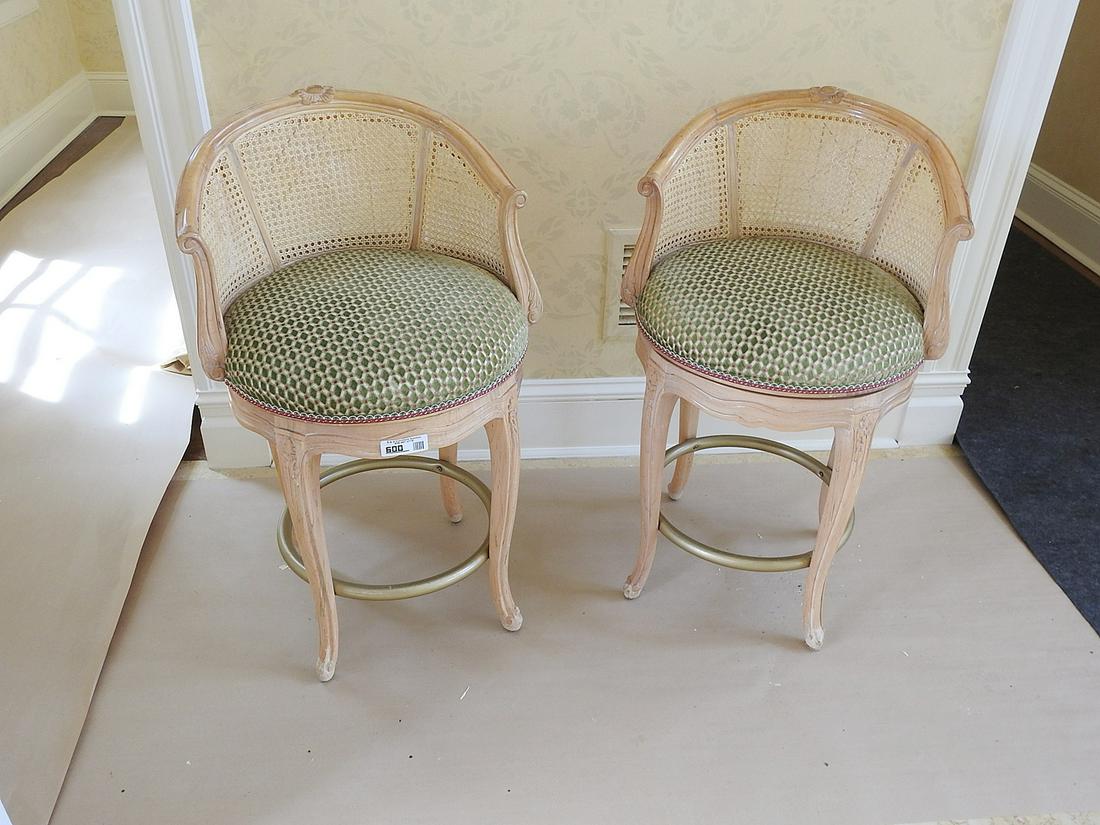 PAIR LOUIS XVI STYLE CANE BACK BAR STOOLS (1 of 3)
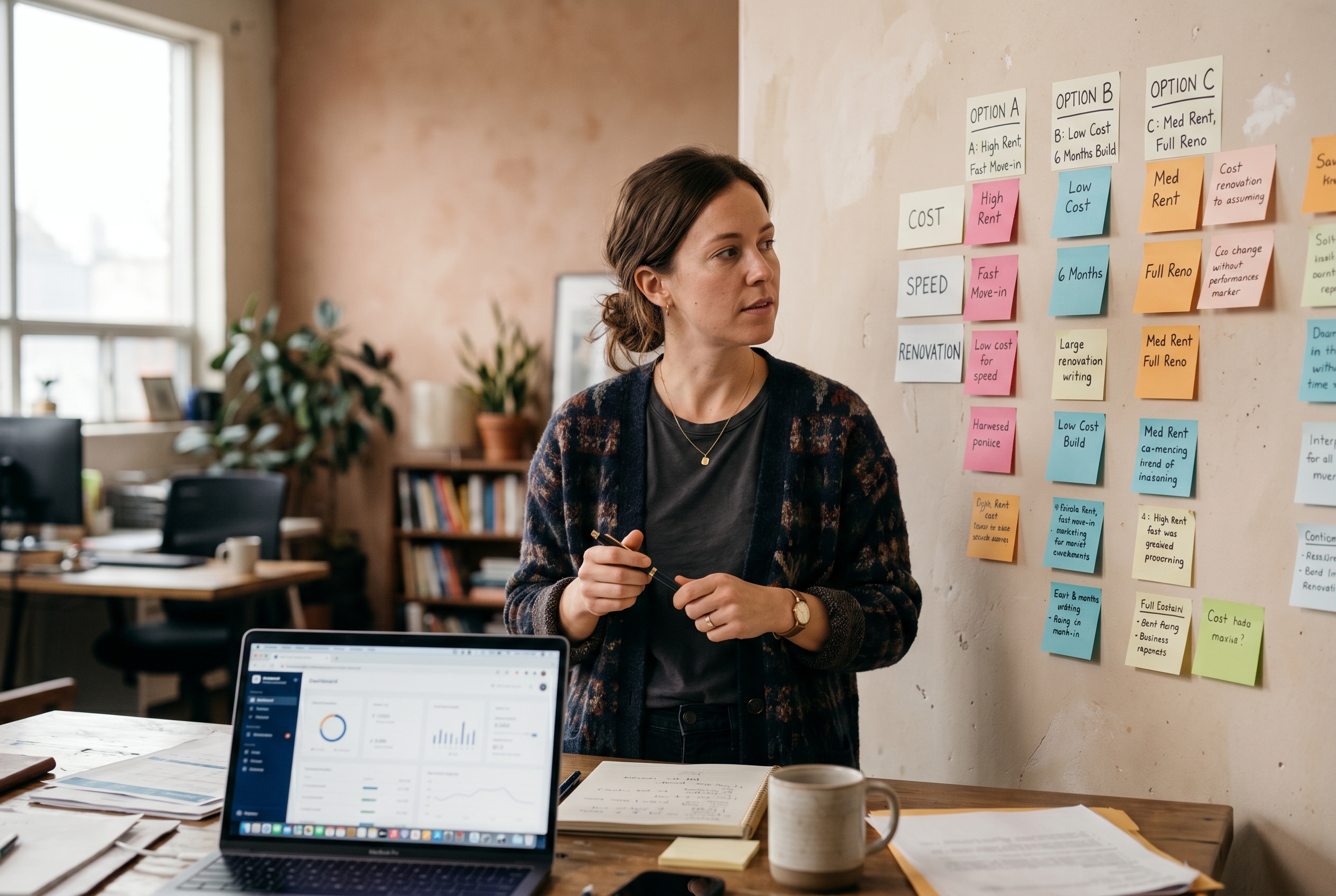 Business owner comparing three storefront options on a wall of sticky notes weighing cost and speed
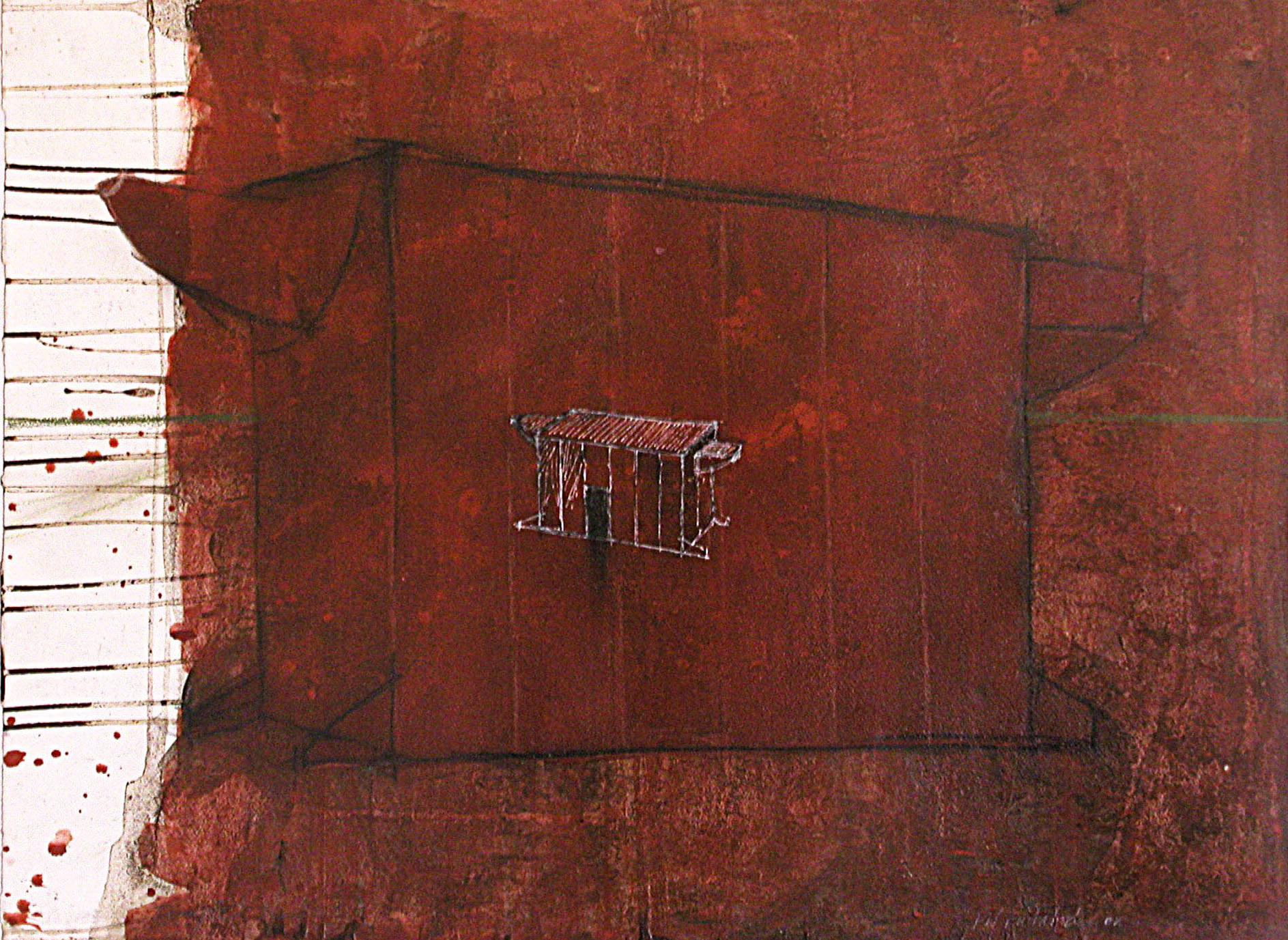 "Temple" 2002. natural pigment, pencil. 100 x 70 cm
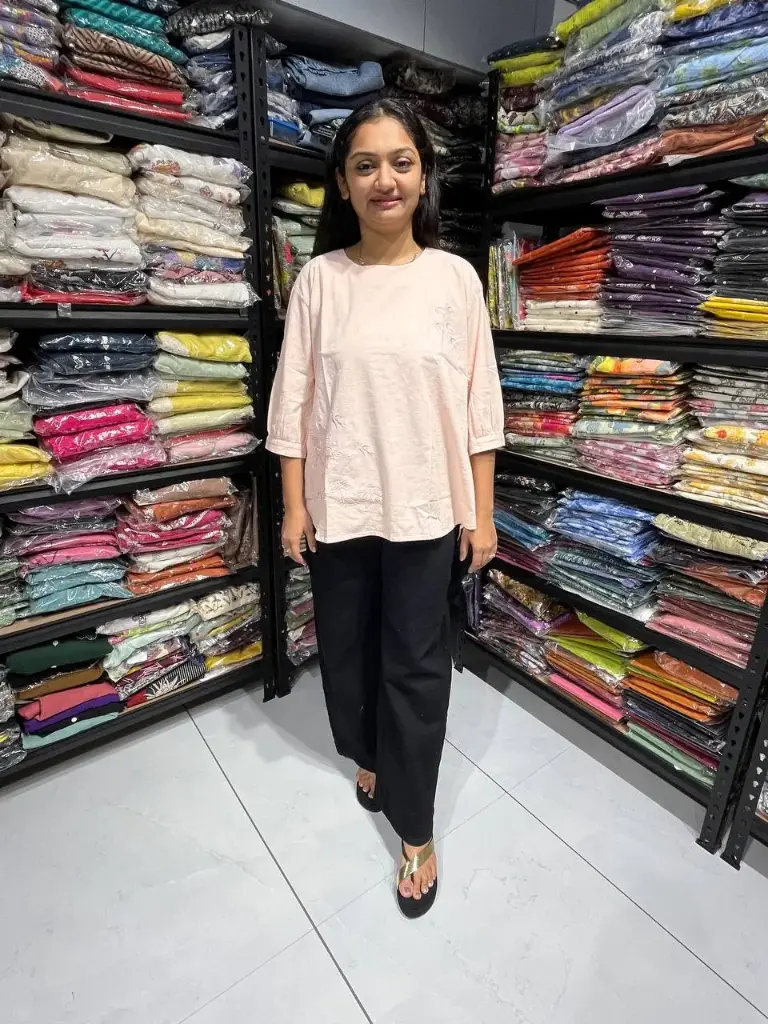 Peach Stretchable Linen Top with Minimal Embroidery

-------

Return the data verbatim, leaving out the pictures it holds.

__Exercise output__:
 PAIR LOUIS XVI STYLE CANE BACK BAR STOOLS (1 of 3)
 Business owner comparing three storefront options on a wall of sticky notes weighing cost and speed
 "Temple" 2002. natural pigment, pencil. 100 x 70 cm
 Peach Stretchable Linen Top with Minimal Embroidery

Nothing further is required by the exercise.